D'abord très content. Même si j'ai trouvé le roman très moyen et nettement inférieur à ce que produit King habituellement, je pensais sérieusement qu'il y avait matière à faire une série formidable. Puis, je me souvenais de l'ennui ressenti à la lecture du roman, et des doutes m'habitaient. C'est alors que le nom de J. J. Abrams est venu me redonner confiance.
En bref, quand j'ai commencé la série, je ne savais pas trop à quoi m'attendre.
Le problème, c’est que, maintenant que j'ai fini la série, je ne sais toujours pas quoi en penser.
11.22.63 n'est clairement pas une catastrophe comme Under the dome. La série possède des qualités : c'est esthétiquement assez chouette, et l'interprétation est de qualité. A ce titre, mention spéciale au jeune Daniel Webber, absolument génial dans le rôle de Lee Harvey Oswald, sans doute ce qu'il y a de mieux au fil des épisodes, tout en violence à peine contenue et prête à exploser à chaque instant. Sarah Gadon est très mignonne. Quant à Franco, il est assez froid dans son interprétation...
... et c'est un peu à l'image de la série : froide. Certes, c'est très beau, mais c'est d'une beauté froide. Peu de sentiments là-dedans. Aucun suspense, malgré quelques tentatives louables. Et il faut attendre les ultimes minutes pour ressentir un peu de ces émotions nostalgico-dramatiques que les lecteurs du roman étaient en droit d'attendre. Du coup, le résultat ne se fait pas attendre : privé d'émotions, le spectateur s'ennuie (enfin, ce fut mon cas).

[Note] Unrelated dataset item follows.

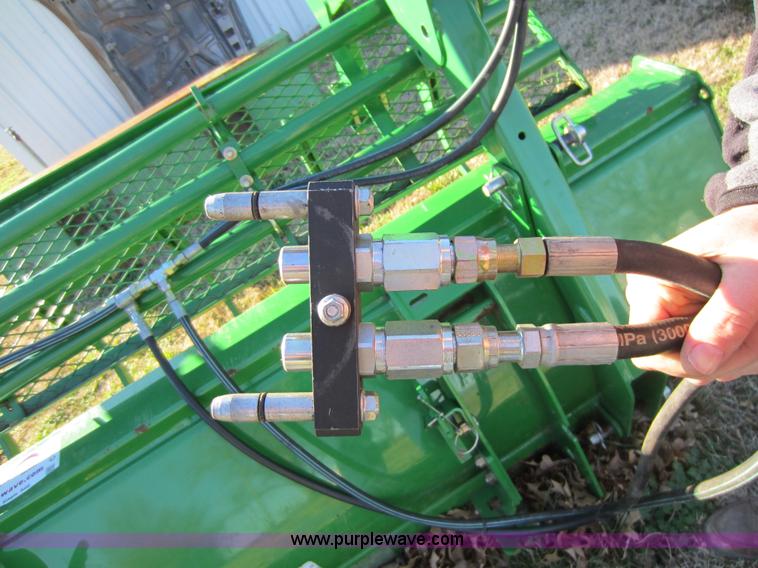 image for item C5267 John Deere 8' grapple bucket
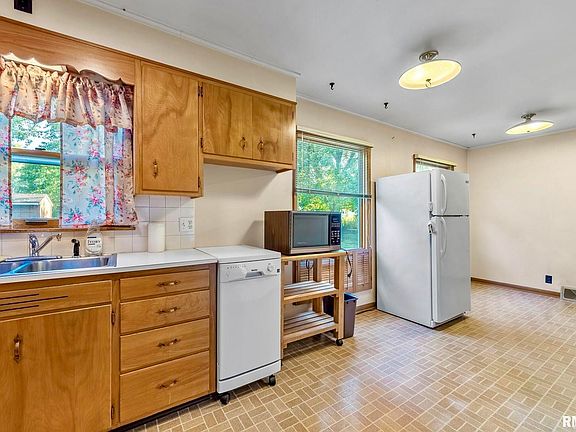 3rd image of 1192 Klein Ave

Ici, la notion de ventre mou prend des proportions indigestes : quatre épisodes sur huit, ça fait beaucoup !
Alors, certes, le travail de reconstitution est soigné. Mais là où le roman nous plongeait littéralement dans ce début d'années 60, avec sa société ségrégationniste, sa Crise de Cuba (complètement omise dans la série, ainsi que toute la Guerre Froide d'ailleurs) mais aussi cette forme d'insouciance et de permissivité qui n'existe plus de nos jours, la série se contente de faire dans le décoratif. Pour Abrams, les années 60 se limitent à un bal de lycée façon Grease et des robes légères. C'est un peu court.
Paradoxalement, alors que le format série semblait bien se prêter à l'adaptation d'un roman de plus de mille pages, la narration très elliptique employée par le scénario cause de nombreux problèmes. D'abord, le roman se basait beaucoup sur le passage du temps : il s'écoule sur cinq ans, et on les sent passer, ces cinq années ! Ici, le temps est réduit (au lieu de débarquer en 1958, Jake Epping arrive en 1960) et on saute allégrement des mois et des années, sans que cela permette d'accélérer le rythme.
Le résultat se fait sentir sur l'action elle-même. Ainsi, une notion essentielle dans le roman, répétée sans cesse jusqu'à la nausée (la résistance du passé qui refuse d'être changé) est ici mentionné deux ou trois fois, puis on l'oublie jusqu'à ce qu'il débarque à nouveau, tel un cheveu sur la soupe, comme procédé narratif à la fin de la série. Il en va de même pour des personnages secondaires vus un instant puis disparus par la suite. En gros, c'est un peu le bazar, tout ça.
En bref, plutôt que de dire que c'est mauvais, je dirais plutôt que c'est maladroit. La série possède quelques qualités quand même, ce qui justifie une note moyenne.